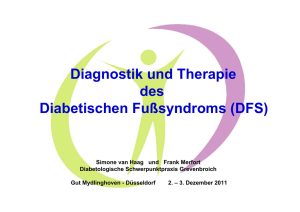 Vortrag Diabetisches Fusssyndrom DFS .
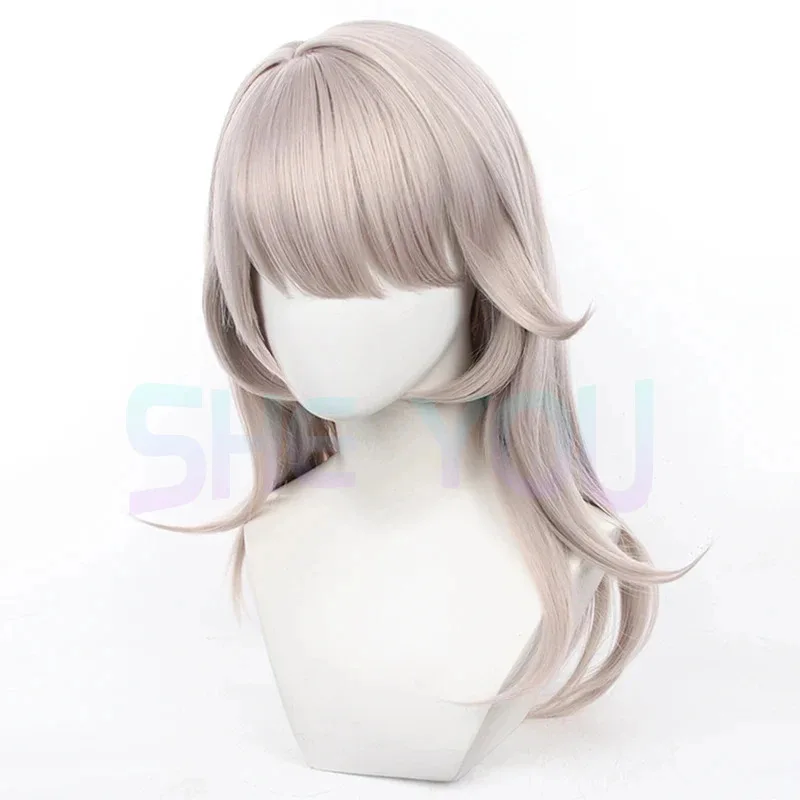 Сиси 2233Линетт Косплей Ударный парик детства Серые длинные волосы Головные уборы Лини Фонтейн Хэллоуин Вечеринка для женщин Ролевые игры Pro 
Сиси 2233Линетт Косплей Ударный парик детства Серые длинные волосы Головные уборы Лини Фонтейн Хэллоуин Вечеринка для женщин Ролевые игры Pro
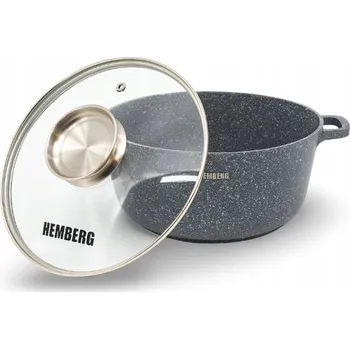 Hrnec Hrnec na Polévku Mramorový Keramický Hrnec 3.3L 22cm s Poklicí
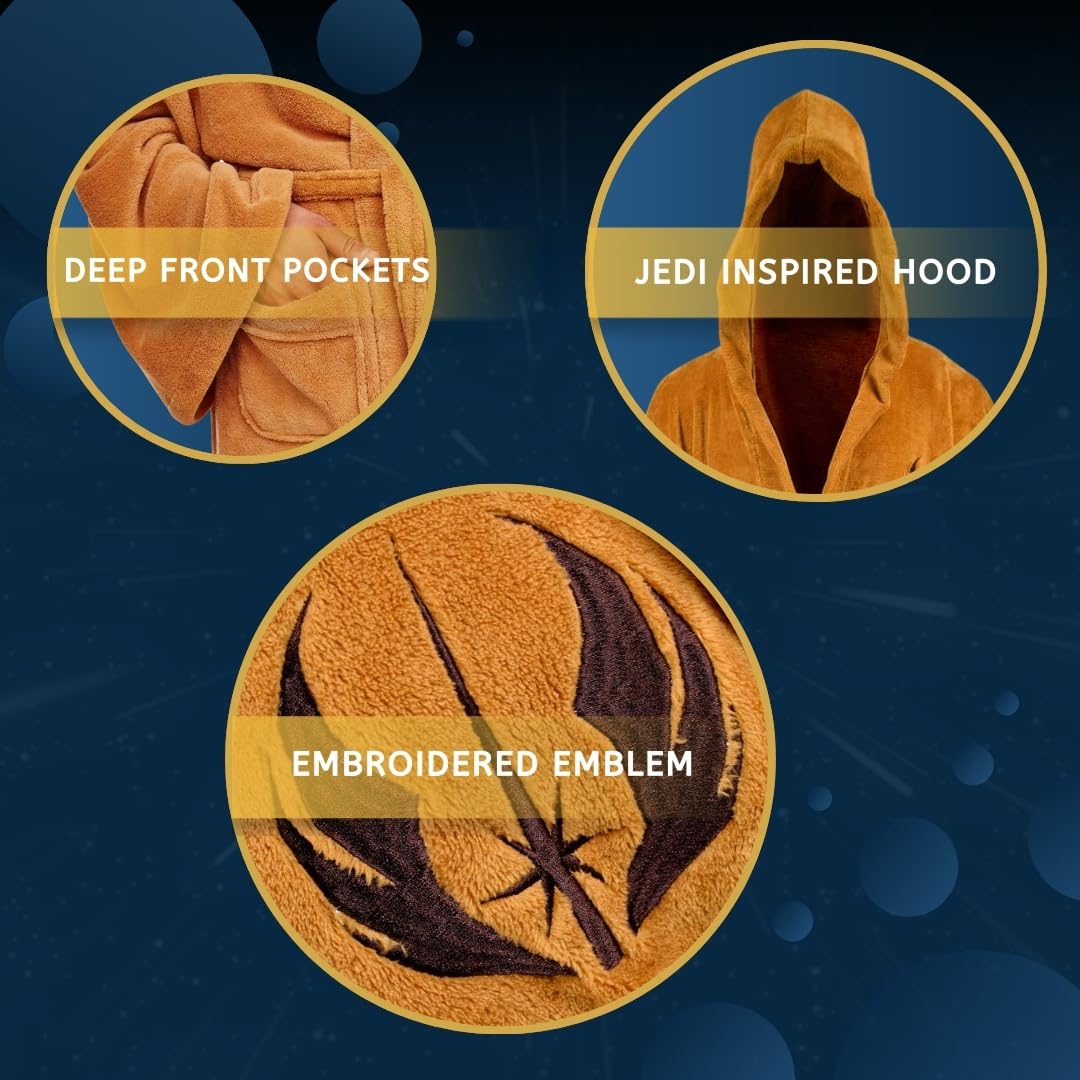 Groovy Jedi-bathrobe Robe de chambre Homme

○ ○ ○

Transcribe only the lines from the one holding "Hrnec Hrnec na" through the last line of the listing above, inclusive, and do not include the pictures.

▶ WORKED SOLUTION:
 Hrnec Hrnec na Polévku Mramorový Keramický Hrnec 3.3L 22cm s Poklicí
 Groovy Jedi-bathrobe Robe de chambre Homme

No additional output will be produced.